After estrogen administration, plasma estradiol concentrations increased to values typically observed in female rats. A nearly significant interaction (P = 0.0648) between drug treatment (estradiol vs. control) and group (lean vs. obese) indicated that subcutaneous estradiol administration was more effective in raising serum estradiol concentration in the lean than in the obese Zuckers.

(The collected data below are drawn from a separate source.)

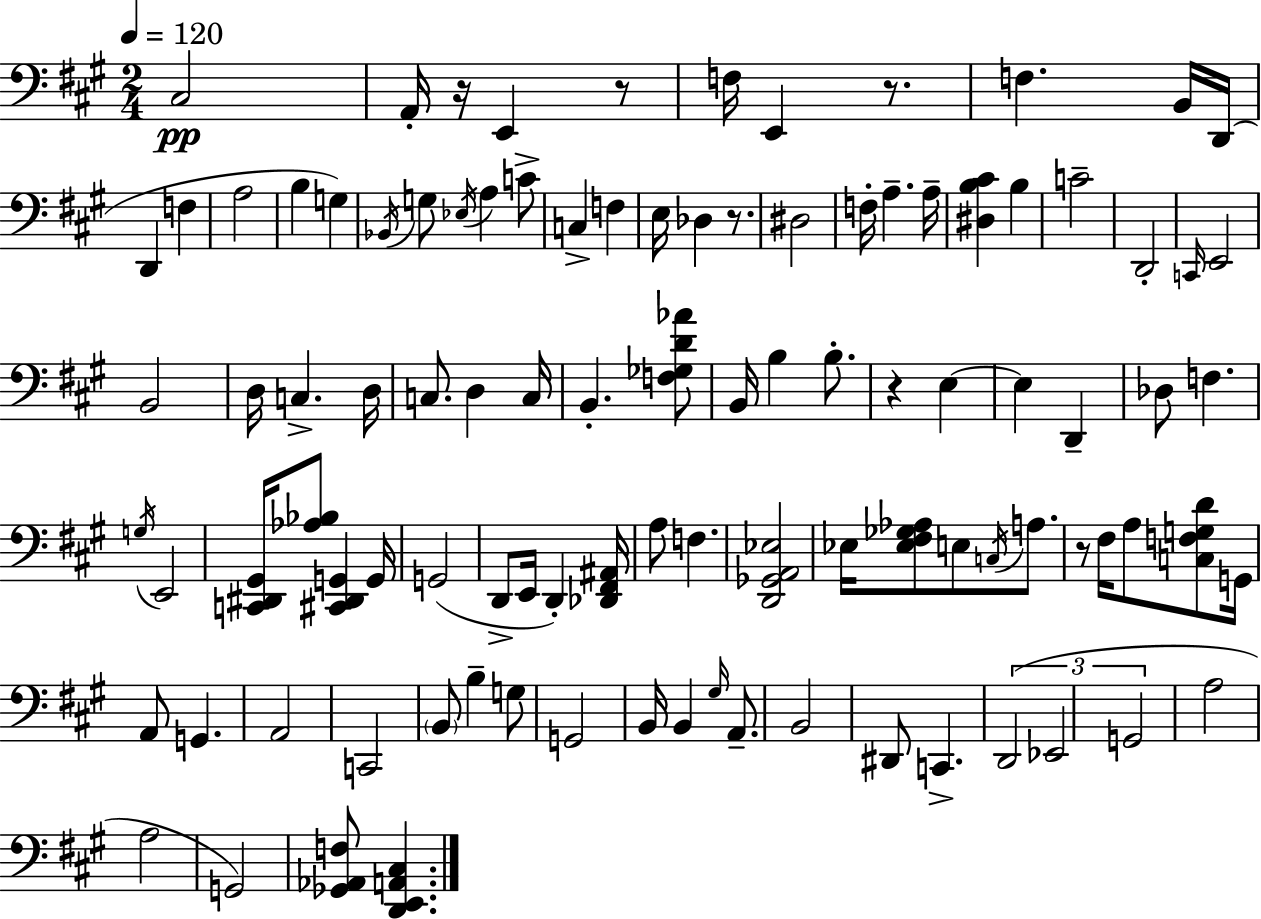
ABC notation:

X:1
T:Untitled
M:2/4
L:1/4
K:A
^C,2 A,,/4 z/4 E,, z/2 F,/4 E,, z/2 F, B,,/4 D,,/4 D,, F, A,2 B, G, _B,,/4 G,/2 _E,/4 A, C/2 C, F, E,/4 _D, z/2 ^D,2 F,/4 A, A,/4 [^D,B,^C] B, C2 D,,2 C,,/4 E,,2 B,,2 D,/4 C, D,/4 C,/2 D, C,/4 B,, [F,_G,D_A]/2 B,,/4 B, B,/2 z E, E, D,, _D,/2 F, G,/4 E,,2 [C,,^D,,^G,,]/4 [_A,_B,]/2 [^C,,^D,,G,,] G,,/4 G,,2 D,,/2 E,,/4 D,, [_D,,^F,,^A,,]/4 A,/2 F, [D,,_G,,A,,_E,]2 _E,/4 [_E,^F,_G,_A,]/2 E,/2 C,/4 A,/2 z/2 ^F,/4 A,/2 [C,F,G,D]/2 G,,/4 A,,/2 G,, A,,2 C,,2 B,,/2 B, G,/2 G,,2 B,,/4 B,, ^G,/4 A,,/2 B,,2 ^D,,/2 C,, D,,2 _E,,2 G,,2 A,2 A,2 G,,2 [_G,,_A,,F,]/2 [D,,E,,A,,^C,] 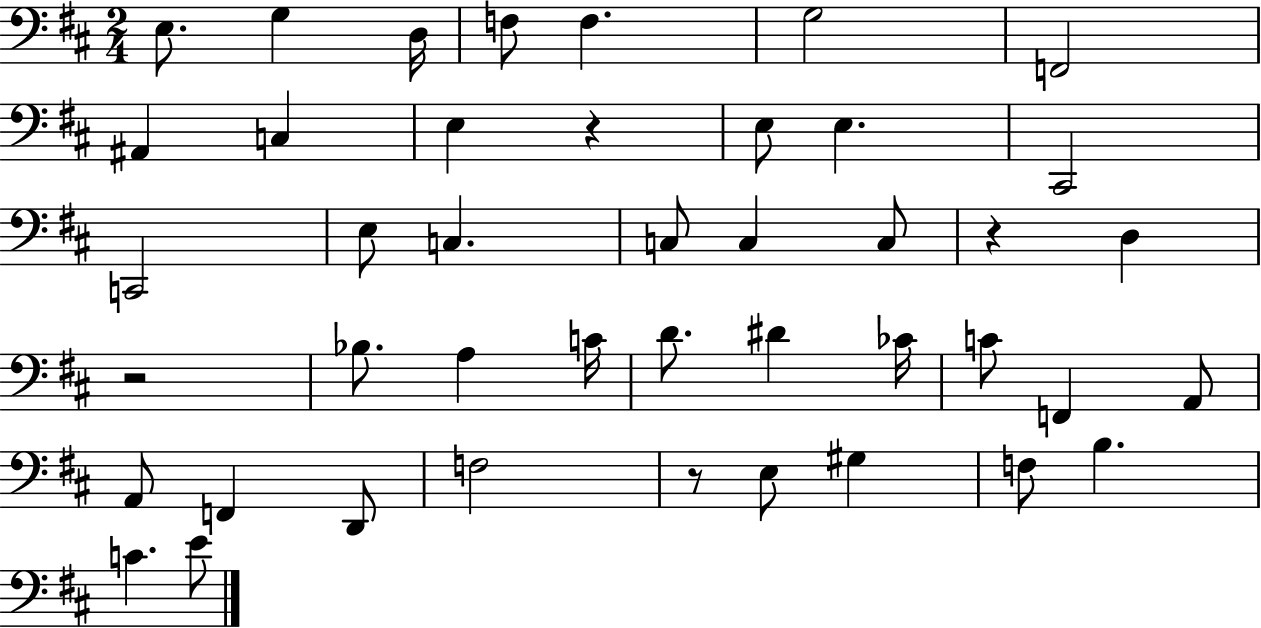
{
  \clef bass
  \numericTimeSignature
  \time 2/4
  \key d \major
  e8. g4 d16 | f8 f4. | g2 | f,2 | \break ais,4 c4 | e4 r4 | e8 e4. | cis,2 | \break c,2 | e8 c4. | c8 c4 c8 | r4 d4 | \break r2 | bes8. a4 c'16 | d'8. dis'4 ces'16 | c'8 f,4 a,8 | \break a,8 f,4 d,8 | f2 | r8 e8 gis4 | f8 b4. | \break c'4. e'8 | \bar "|."
} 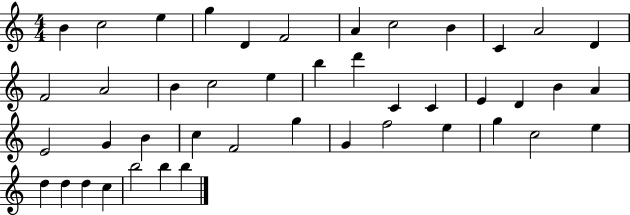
{
  \clef treble
  \numericTimeSignature
  \time 4/4
  \key c \major
  b'4 c''2 e''4 | g''4 d'4 f'2 | a'4 c''2 b'4 | c'4 a'2 d'4 | \break f'2 a'2 | b'4 c''2 e''4 | b''4 d'''4 c'4 c'4 | e'4 d'4 b'4 a'4 | \break e'2 g'4 b'4 | c''4 f'2 g''4 | g'4 f''2 e''4 | g''4 c''2 e''4 | \break d''4 d''4 d''4 c''4 | b''2 b''4 b''4 | \bar "|."
} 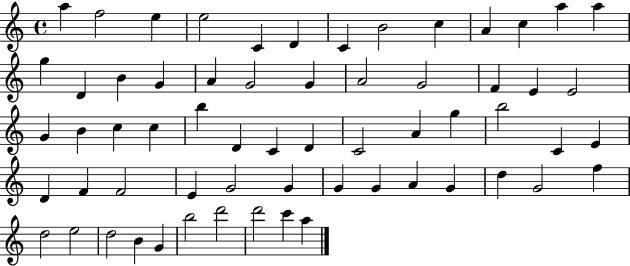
A5/q F5/h E5/q E5/h C4/q D4/q C4/q B4/h C5/q A4/q C5/q A5/q A5/q G5/q D4/q B4/q G4/q A4/q G4/h G4/q A4/h G4/h F4/q E4/q E4/h G4/q B4/q C5/q C5/q B5/q D4/q C4/q D4/q C4/h A4/q G5/q B5/h C4/q E4/q D4/q F4/q F4/h E4/q G4/h G4/q G4/q G4/q A4/q G4/q D5/q G4/h F5/q D5/h E5/h D5/h B4/q G4/q B5/h D6/h D6/h C6/q A5/q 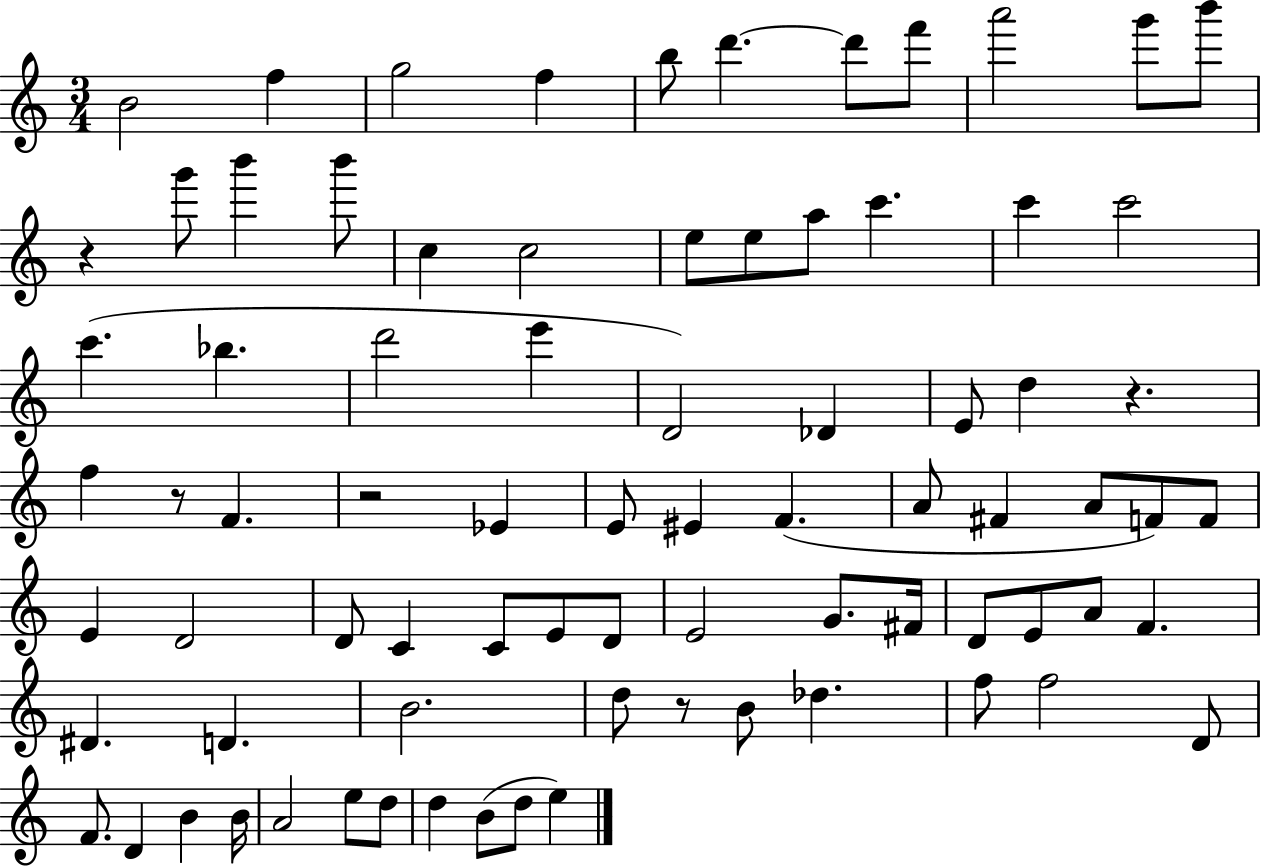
{
  \clef treble
  \numericTimeSignature
  \time 3/4
  \key c \major
  b'2 f''4 | g''2 f''4 | b''8 d'''4.~~ d'''8 f'''8 | a'''2 g'''8 b'''8 | \break r4 g'''8 b'''4 b'''8 | c''4 c''2 | e''8 e''8 a''8 c'''4. | c'''4 c'''2 | \break c'''4.( bes''4. | d'''2 e'''4 | d'2) des'4 | e'8 d''4 r4. | \break f''4 r8 f'4. | r2 ees'4 | e'8 eis'4 f'4.( | a'8 fis'4 a'8 f'8) f'8 | \break e'4 d'2 | d'8 c'4 c'8 e'8 d'8 | e'2 g'8. fis'16 | d'8 e'8 a'8 f'4. | \break dis'4. d'4. | b'2. | d''8 r8 b'8 des''4. | f''8 f''2 d'8 | \break f'8. d'4 b'4 b'16 | a'2 e''8 d''8 | d''4 b'8( d''8 e''4) | \bar "|."
} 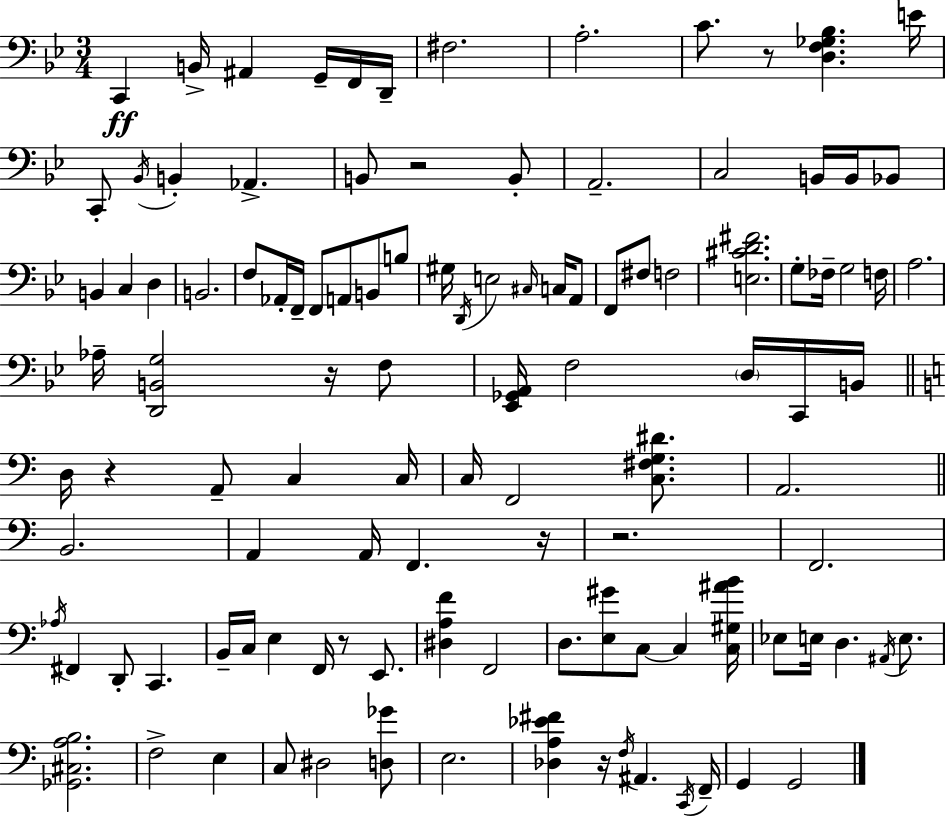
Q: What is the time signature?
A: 3/4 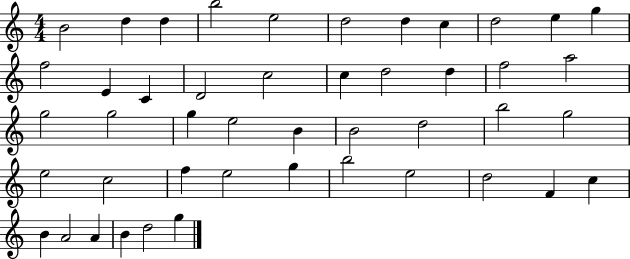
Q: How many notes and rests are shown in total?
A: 46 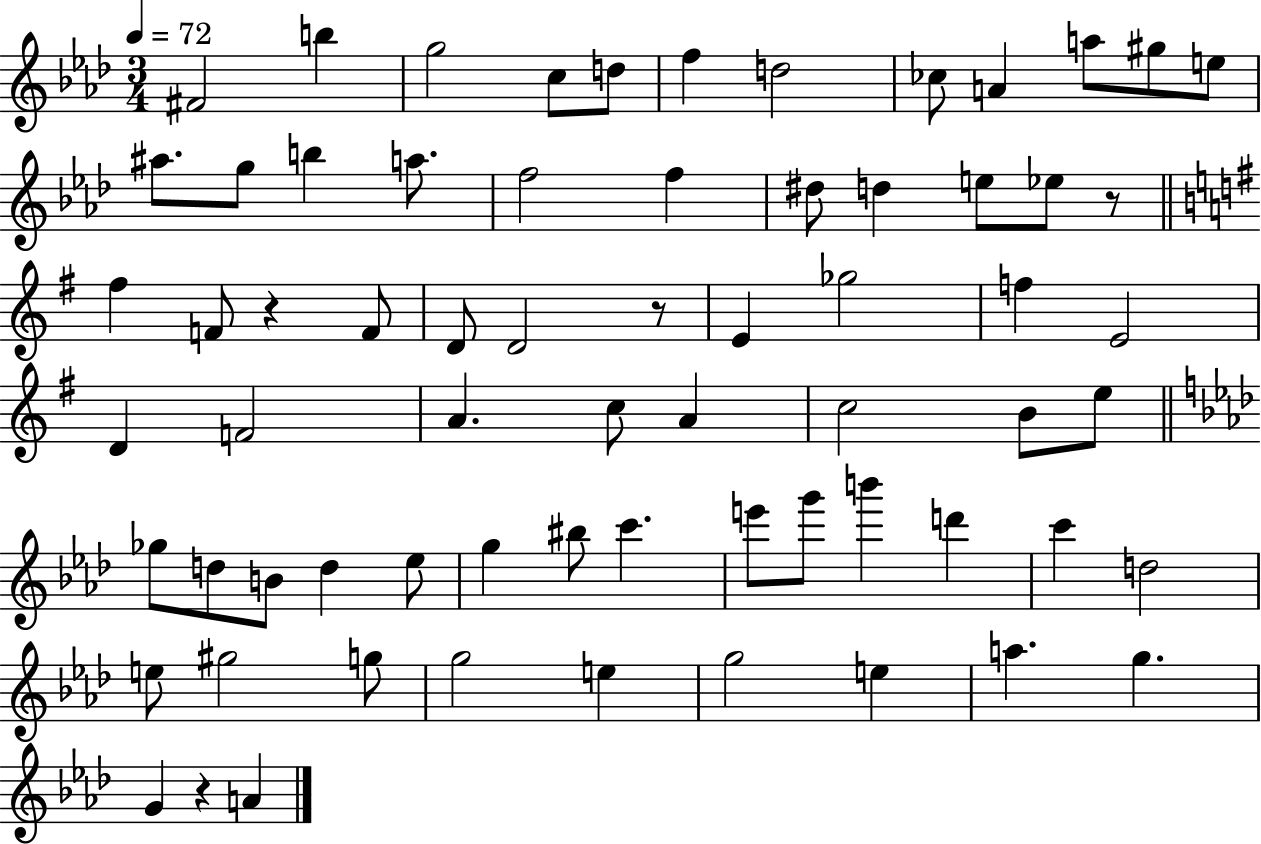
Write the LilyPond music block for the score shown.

{
  \clef treble
  \numericTimeSignature
  \time 3/4
  \key aes \major
  \tempo 4 = 72
  fis'2 b''4 | g''2 c''8 d''8 | f''4 d''2 | ces''8 a'4 a''8 gis''8 e''8 | \break ais''8. g''8 b''4 a''8. | f''2 f''4 | dis''8 d''4 e''8 ees''8 r8 | \bar "||" \break \key g \major fis''4 f'8 r4 f'8 | d'8 d'2 r8 | e'4 ges''2 | f''4 e'2 | \break d'4 f'2 | a'4. c''8 a'4 | c''2 b'8 e''8 | \bar "||" \break \key aes \major ges''8 d''8 b'8 d''4 ees''8 | g''4 bis''8 c'''4. | e'''8 g'''8 b'''4 d'''4 | c'''4 d''2 | \break e''8 gis''2 g''8 | g''2 e''4 | g''2 e''4 | a''4. g''4. | \break g'4 r4 a'4 | \bar "|."
} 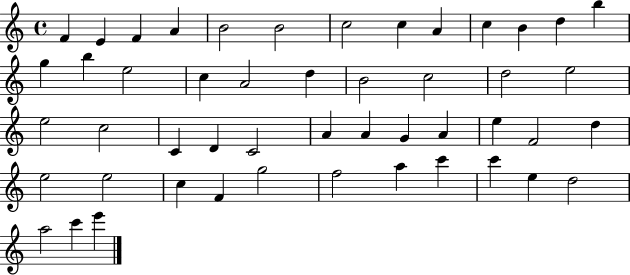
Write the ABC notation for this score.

X:1
T:Untitled
M:4/4
L:1/4
K:C
F E F A B2 B2 c2 c A c B d b g b e2 c A2 d B2 c2 d2 e2 e2 c2 C D C2 A A G A e F2 d e2 e2 c F g2 f2 a c' c' e d2 a2 c' e'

Insulin resistance in the OC and OE groups was characterized by marked elevations in plasma insulin concentrations compared with that in the LC and LE groups (P = 0.0011). Nonfasting plasma glucose concentrations were not significantly different between lean and obese Zuckers, and estrogen treatment did not affect plasma glucose. Obesity significantly raised plasma triglyceride and total cholesterol concentrations. Estrogen did not affect total cholesterol concentrations, but estrogen significantly increased triglyceride concentrations in both LE and OE groups relative to controls (LC and OC groups).
Vascular Response to KCl
Maximal tension development in response to a 60 mM bolus dose of KCl in LC and LE groups was significantly lower compared with that in the OC group (Fig. 1). Estrogen treatment decreased the maximal contractile response to KCl for both the obese and lean Zuckers; however, this reduction was only significant for the OE group (P < 0.001).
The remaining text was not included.